Alternative histories are a fun way to find fresh new angles on narratives that have been told over and over, and the Freeform series "Motherland: Fort Salem" is an especially surprising version of a story everyone knows. 

Created by Eliot Laurence, "Motherland: Fort Salem" is set in an America in which the persecution of (real) witches was resolved 300 years ago with an agreement known as the Salem Accords. The U.S. government agreed to end the unfair treatment of witchcraft by forming an elite branch of the military run by witches. From then on, witches are conscripted to train in magical combat and use vocal sounds to enact strong spells.
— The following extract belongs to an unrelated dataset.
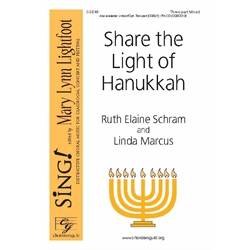 Share the Light of Hanukkah (Accompaniment CD)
The series follows Raelle Collar (Taylor Hickson), Abigail Bellweather (Ashley Nicole Williams) and Tally Craven (Jessica Sutton), three new recruits at the Fort Salem base, as they get used to life in the army and train to battle a terrorist witch organization, the Spree. 

Over the course of the show's first two seasons — with a third and final season on its way — "Motherland: Fort Salem" continues to develop and expand this magical, alternate world, but some fans have pointed out that the show's depiction of the U.S. Army is very different from the real thing. Here's what the supernatural drama doesn't get right about military life.
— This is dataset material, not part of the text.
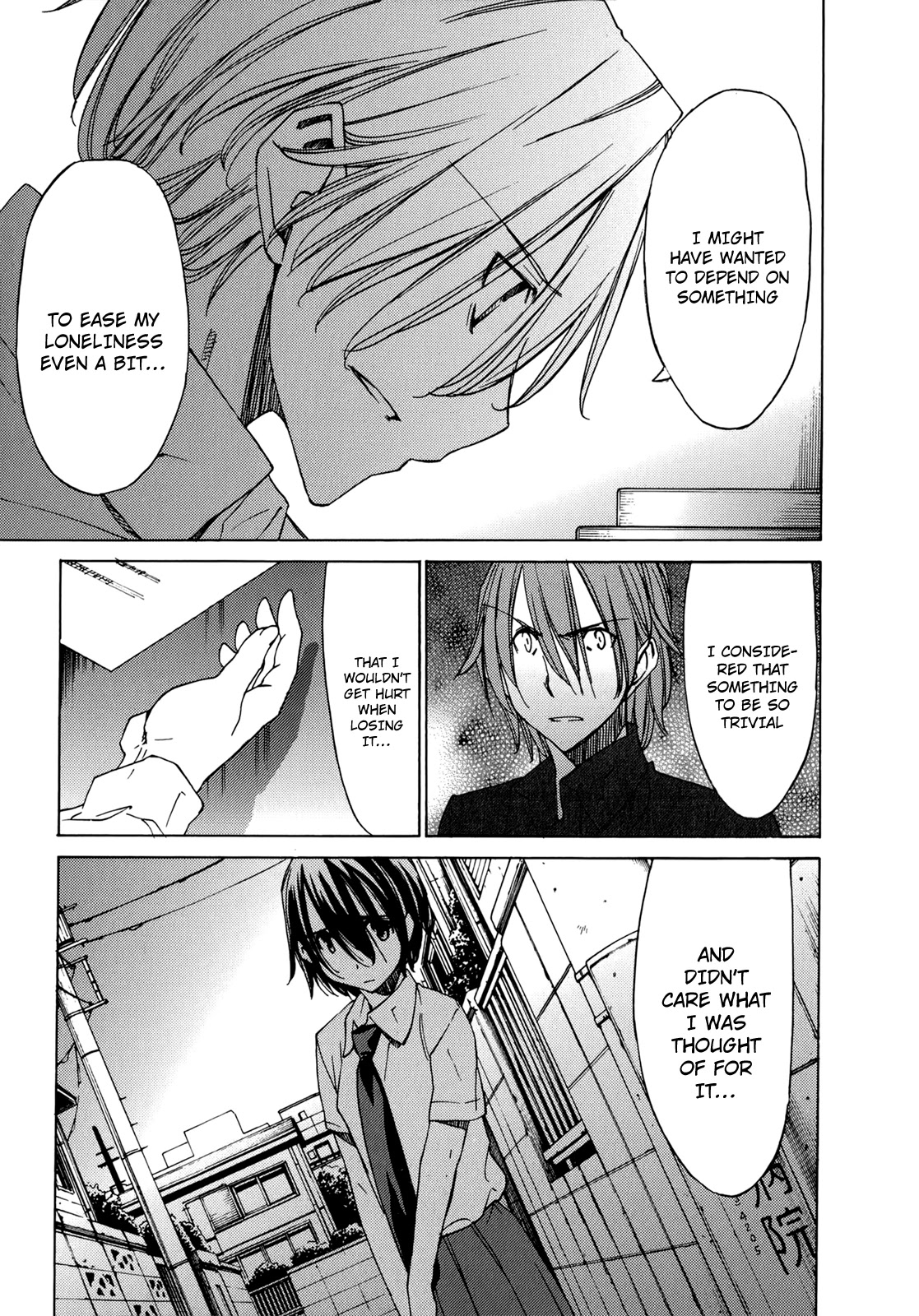 Sekainohate de Aimashou Chapter 48 page 24 - Chapter 48: Honest Feelings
The witches dominate the military but don't use traditional weapons

One big difference between the "Motherland: Fort Salem" military and our own is the reliance on technology. Because magic exists in the "Motherland: Fort Salem" universe, weaponry, phones, and other devices are several decades behind the real world. Most of the Fort Salem witches don't even carry guns.

In a Reddit thread on military technology in the show, several commenters noticed that the lack of extensive armory doesn't make sense. U/William_147015 wrote about how "the small number of witches means that an army made out of them would collapse in a war – mostly because there'd be massive stretches of land for an enemy to march through."

Many other Redditors, like u/medvezhonok96, felt that the lack of guns and traditional weapons for witches was partly for "plot armor" so that the characters can't be easily killed. U/papadoc19 also commented that there are "instances in the show where witches have had issues against darts and arrows... so I have major doubts they could handle bullets."

Battle strategies and tactics aren't shown on screen

Another post in the "Motherland: Fort Salem" subreddit by u/lt9946 was titled "Anyone else think this show really needs more military/action scene advisers?" The fan noted that at least in Season 1, the new recruits aren't very experienced, so their defeats make sense. But by the second season, "all these crazy powerful witches are getting taken down so easily."

The user further wrote that "It looks like the witches just make a perimeter and wait for trouble to come at them. No stealth attacks, no recon, no repositioning, and they look quite weak against any kind of long distance projectiles." Indeed, for a show about the rigors of military life, "Motherland: Fort Salem" doesn't really depict the use of basic battle strategies, instead only focusing on the witches and the use of their powers in action. 

Another Reddit user and viewer of the show concurred, replying that "As for the tactics, it was one of the first things that stood out to me when they went to the Tarim region. They had zero tactics. It seemed like the Camarilla was more tactical than the Army." As strategy is a key part of the military, fans are surprised that the show completely glosses over it. Luckily, "Motherland: Fort Salem" is coming back for a third and final season (via Freeform), so hopefully the show will showcase more military strategies of the witches in the final bout of episodes.